In my opinion they are both correct, optimization is a form of curve-fitting.  When you over do it, it become more and more curve-fitting but when you do it just right (that's why it is still an art), you are just trying to get the parameters that reflected better on the signature of the market you are testing as each market has different types of players and the underlying product is also different.

When you do optimization, pay extra attention to the results from neighbouring numbers, you have to be extra careful e.g. when SMA 10/20 and SMA 12/20 are losing money but your SMA 11/20 produces great numbers.

The easiest way to tell that a trading system is over curve-fitting is by looking at the number of indicators used.  A robust trading system should be simple but no simpler. As a rule of thumb, if it has more than 5-6 indicators usually it is a sign of over curve-fitting already as you may be trying to catch every top and bottom in the chart that you are looking at.  Just be honest with your out-sample testing result!

OK, enough talk, lets get back to adding filters to our MACD system.  Since the FKLI market is an equity index-based and the underlying is actually tracking a baskets of stocks, and by and large stocks over a long period of time (e.g. 10 years) are bullish bias, we can try adding a faster SMA period to go Long and a slower period to confirm the Short so as to cut down unnecessary whipsaws.  I would test with SMA 20 as a filter to go Long and SMA 50 as a filter for Short.

That means the system will go Long when the MACD line crosses above signal line AND the closing price is above SMA 20 (closed).  It will turn Short only when the MACD(12,26,9) line crosses below the signal line AND the closing price is below SMA 50(closed).

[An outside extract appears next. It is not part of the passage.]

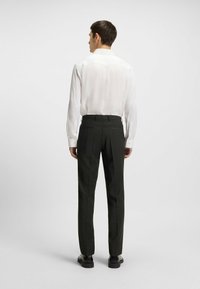 Weißes Langarmhemd mit Knopfdetails und schwarzen gestreiften Hosen, die eine schlanke Passform und glatte Textur aufweisen, von hinten betrachtet.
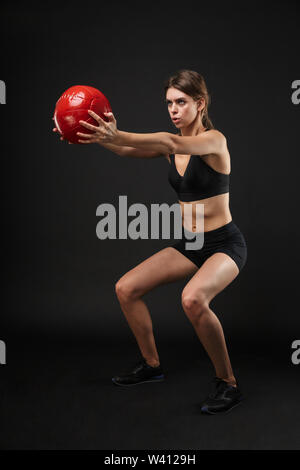 A piena lunghezza Ritratto di skinny donna caucasici in sportswear facendo sit ups con palla fitness durante gli allenamenti in palestra isolate su sfondo nero Foto Stock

Lets take a look at the result...



And the equity chart (before cost)...




The result is much better comparing with the one before we add the filters.  We have also cut down a lot of unnecessary trades.  To be more sure (we can't really be 100% sure anyway) adding filters does have effect, we actually have to do the statistical significance test (null hypothesis test) which I won't discuss here as it is a big and heavy subject on its own!  However, you can learn on your own, just google "inferential statistics" or "descriptive statistics".

Good luck in systems building and testing.

Disclaimer: Taken from CFTC RULE 4.41 – HYPOTHETICAL OR SIMULATED PERFORMANCE RESULTS HAVE CERTAIN LIMITATIONS. UNLIKE AN ACTUAL PERFORMANCE RECORD, SIMULATED RESULTS DO NOT REPRESENT ACTUAL TRADING. ALSO, SINCE THE TRADES HAVE NOT BEEN EXECUTED, THE RESULTS MAY HAVE UNDER OR OVER COMPENSATED FOR THE IMPACT, IF ANY, OF CERTAIN MARKET FACTORS, SUCH AS LACK OF LIQUIDITY. SIMULATED TRADING PROGRAMS IN GENERAL ARE ALSO SUBJECT TO THE FACT THAT THEY ARE DESIGNED WITH THE BENEFIT OF HINDSIGHT. NO REPRESENTATION IS BEING MADE THAT ANY ACCOUNT WILL OR IS LIKELY TO ACHIEVE PROFIT OR LOSSES SIMILAR TO THOSE SHOWN.

AND

WHATEVER YOU READ HERE SHOULD BE USED AS LEARNING AIDS ONLY AND SHOULD NOT BE CONSTRUED AS INVESTMENT ADVICE. IF YOU DECIDE TO INVEST REAL MONEY, ALL TRADING DECISIONS ARE YOUR OWN RESPONSIBILITY.